Soul Generation singles chronology
|  | "Body and Soul (That's the Way It's Got to Be)" (1972) | "Million Dollars" (1973) |

= Body and Soul (That's the Way It's Got to Be) =

1972 song by Soul Generation

"Body and Soul (That's the Way It's Got to Be)" is the debut single by the American Soul/R&B vocal group, Soul Generation. The song was written by producer Paul Kyser and released in April 1972.

==Background==
Soul Generation recorded the single at A & R Recording Studios in New York, and it was produced by Paul Kyser and Harvey Posner arranged by producer, Stan Vincent.
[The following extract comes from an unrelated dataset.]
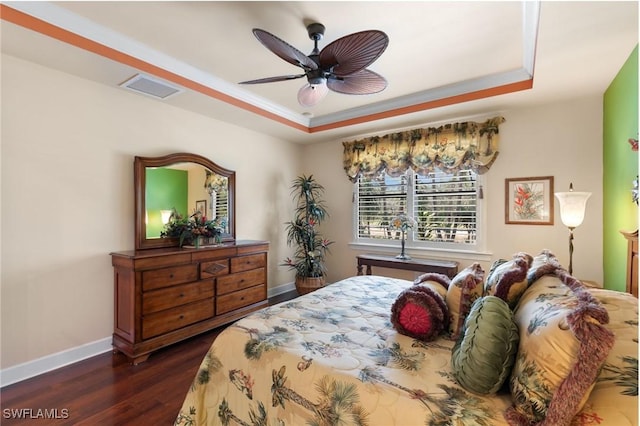 bedroom featuring a ceiling fan, a tray ceiling, baseboards, dark wood-style flooring, and visible vents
The single became a Top 40 hit spending 11 weeks on Billboards R&B/Soul Chart and peaking at #27 in May 1972. The single was released on Ebony Sound Records and distributed by Hilary Records, Inc. The B-side, "Mandingo Woman" was written by, Irwin Levine, L. Russell Brown.

==Personnel==
Cliff Perkins, Earl Davenport, Jeffrey Burgess, and Herman Hammonds.